人工智能技术在经济领域的运用, 使得跨境数据不仅包含消费者个人信息数据, 亦包含技术数据本身。当前各国纷纷将人工智能、大数据、云计算当作当今世界贸易市场中的核心竞争力, 中国也不例外, 我国将人工智能视为下一个赶超西方发达国家的重要途径, 因此在推动上不遗余力, 而当前中国人工智能法律在实践中遇冷, 某种程度上更多的是技术而非观念所致[24], 如不能妥善处理好数据安全事件, 将会对我国的科技实力、综合国力产生重大影响, 亦会严重影响我国数字经济的发展。技术是目前一个国家科技最核心的竞争力。
在当前国内环境下, 国家应加大对数据基础设施的投入, 加速5G商用进程, 并由互联网巨头企业牵头带动其他企业改进技术, 积极建立数据基础设施的互操作性连接, 促进国内通用技术数据在国内企业之间的自由流动, 形成全方位联动机制, 使企业内部形成有效的统一体, 提高整体应对数据安全事件的能力, 从而确保数据流动的安全。另外, 要加大对技术人才的培养, 将高等院校的科研成果及时转化为技术支持, 提高技术水平, 加快科研人才在企业之间的流动, 促使国内各企业共享技术发展带来的产业红利, 从而提高我国在世界数字经济时代的整体竞争力, 提升在国际规则制定中的话语权。

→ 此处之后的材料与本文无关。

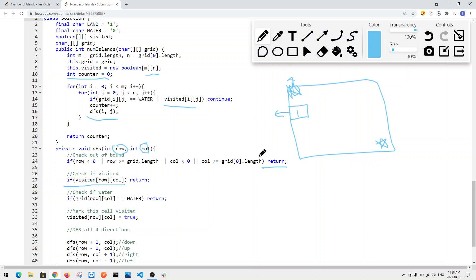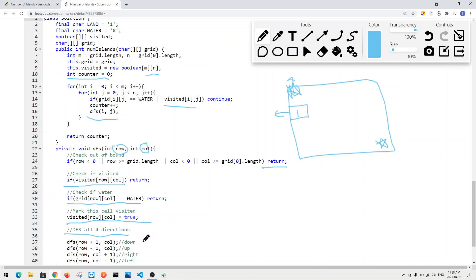If we've visited the cell before, we return. If the cell is water, we return. Otherwise, we mark it as true in the visited array. Then we call DFS for all four directions: down, up, right, and left. Back in the main loop, each time we call DFS on a new unvisited land cell, we increment the counter. At the end, we return the counter.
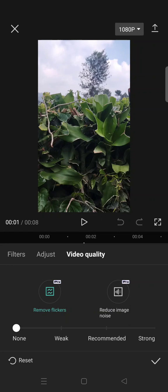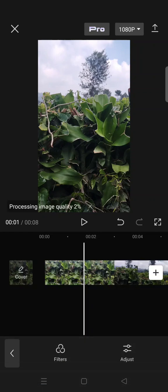intensity: Weak, Recommended, or Strong. I'm going to go with the recommended one. Then just click on the check icon and wait for CapCut to remove the flicker from your clip.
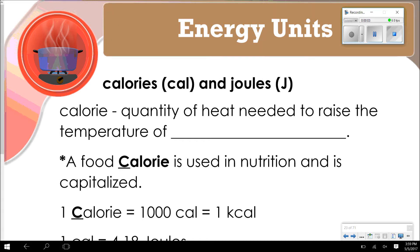Hello, this is Coach Eichram and welcome to video number three for thermochemistry. This video is going to cover specific heat capacity and calorimetry.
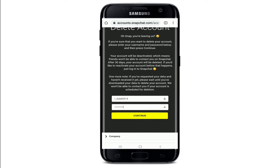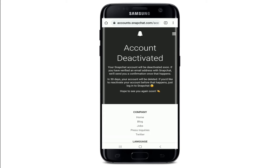After you enter your password, tap on the Continue button. Remember that once you deactivate your account, your friends won't be able to contact you on Snapchat. Tap on Continue and your account will be deactivated.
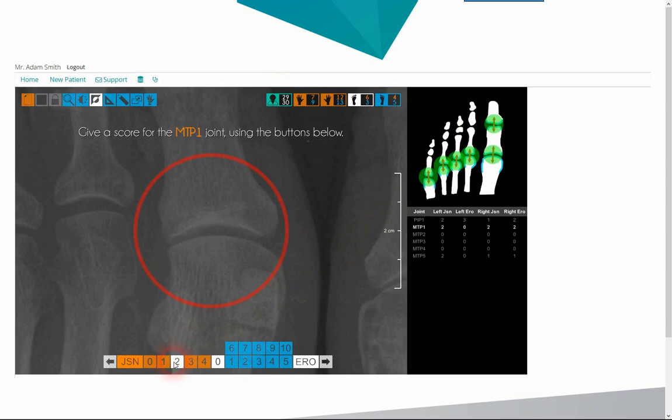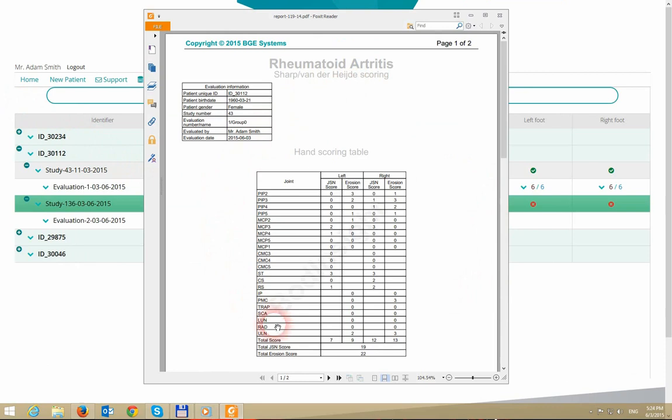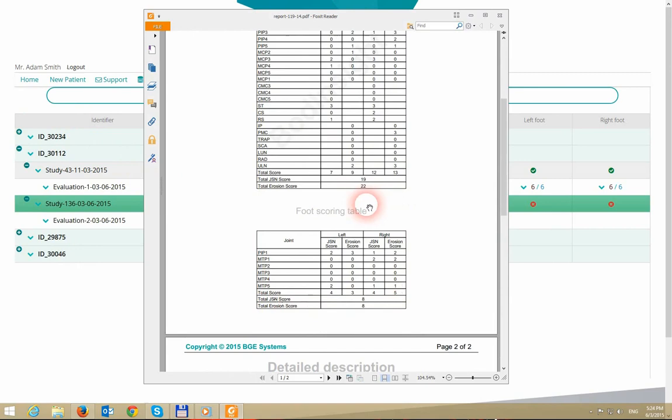A summary report can be printed to a PDF. This report contains the detailed and summarized scores for every inspected limb, making the diagnostic process easier.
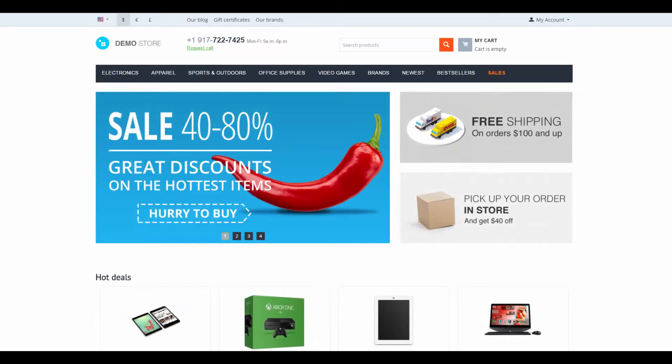Well, that was a quick look into CS-Cart design features. If you have any questions you can ask them in the comments section below. Thanks for watching and see you in the next CS-Cart video tutorials.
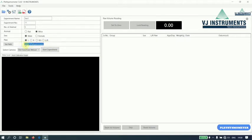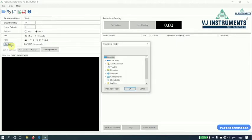This is the path wherein the reports will be saved. By default, it is set to C VJIT plethysmometer. If you wish to change it, click on set path button. A folder dialog will appear. Select the required folder and click on OK button.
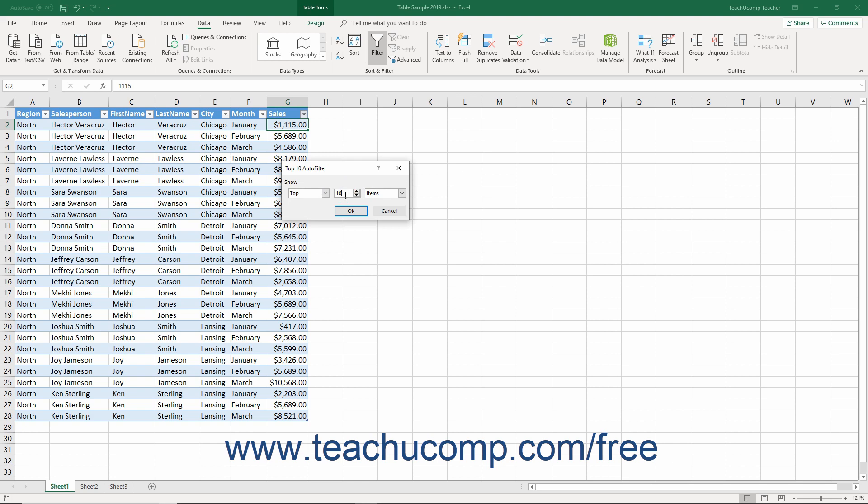Finally, use the drop-down to the right to select either items or percent. The criteria that then appear across the dialog box is the filter setting you will apply to the selected column. So you could view only the top 10 items or bottom 40% or any other variation using this dialog box.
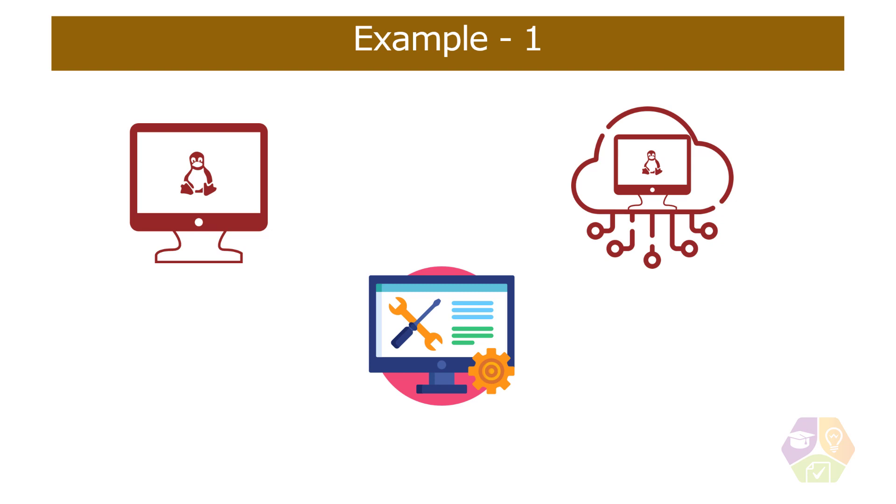That migration project is a good place to start if you're considering moving virtual machines and applications to Azure.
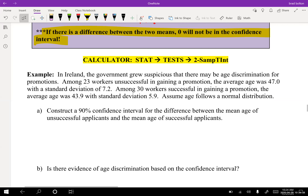In Ireland, the government grew suspicious of age discrimination for promotions. Among 23 workers unsuccessful in gaining a promotion, the average age was 47 with a standard deviation of 7.2. Among 30 workers successful in gaining a promotion, the average age was 43.9 with a standard deviation of 5.9. Assume age follows a normal distribution. These are two different independent samples — people who did not get promoted versus people who did. The question asks us to construct a 90% confidence interval for the difference between the mean age of unsuccessful and successful applicants, using a two-sample t-interval.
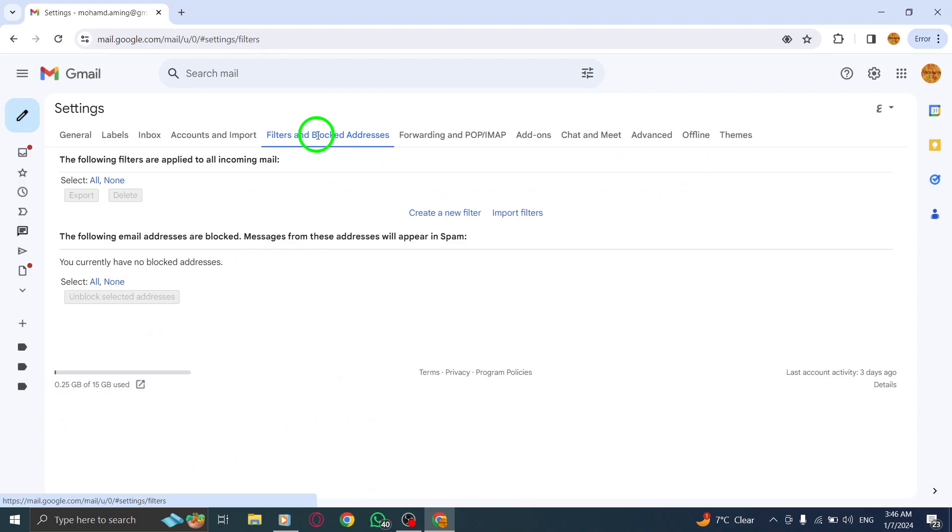Step 5: Look for the address you want to unblock, and next to it, click on Unblock.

迅猛发展的数字经济日益成为世界经济发展的强大驱动力, 数字经济的全球化使得数据的跨境流动不可避免, 数据跨境传输在释放大数据红利的同时, 亦面临技术数据被窃取、信息数据被泄露的数据安全问题。本文通过分析典型地区和国家对数据跨境流动的态度, 以及我国数字经济发展现状与规则, 提出我国在现阶段应支持数据跨境流动, 并在此基础上提出支持数据跨境流动的中国路径:在规则层面上, 我国在国际上应积极参与数字贸易规则与数据跨境流动规则的制定, 在国内应尽快出台规制数据跨境流动的法律及相配套的具体实施办法; 在通用技术标准层面, 应通过先进技术来保证数据跨境流动的安全, 在我国有实力提出国际技术标准的技术领域要敢于创立国际新标准, 并在国内形成整体竞争力, 共同助力我国数字经济的大发展。